#### Exercise data
****************

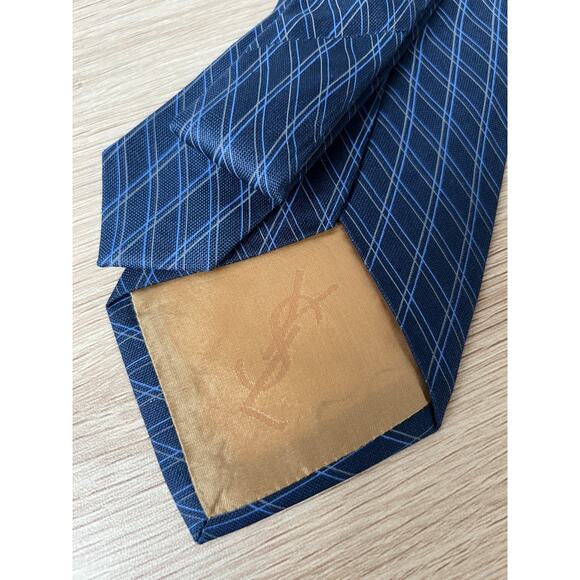 Yves Saint Laurent Classic Blue Striped Design 100% Silk Italian Designer Tie - Picture 6 of 6
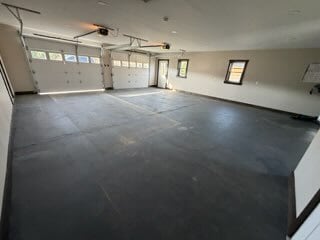 Building Photo - 37 Village Acres Dr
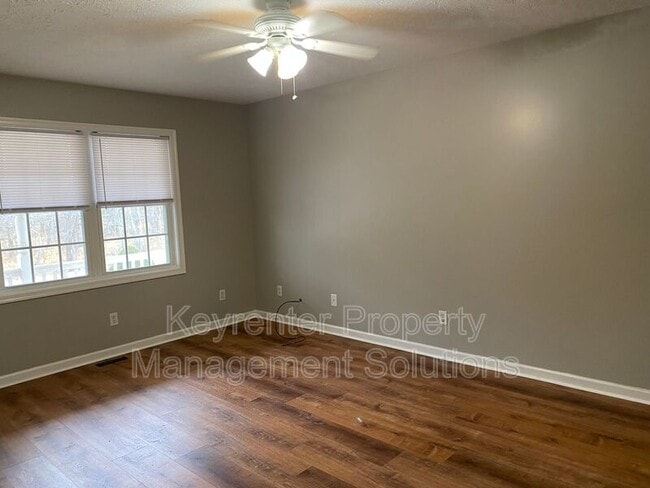 Building Photo - 1050 B St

****************

Set down the material above as is, without any pictures.

#### Task result
 Yves Saint Laurent Classic Blue Striped Design 100% Silk Italian Designer Tie - Picture 6 of 6
 Building Photo - 37 Village Acres Dr
 Building Photo - 1050 B St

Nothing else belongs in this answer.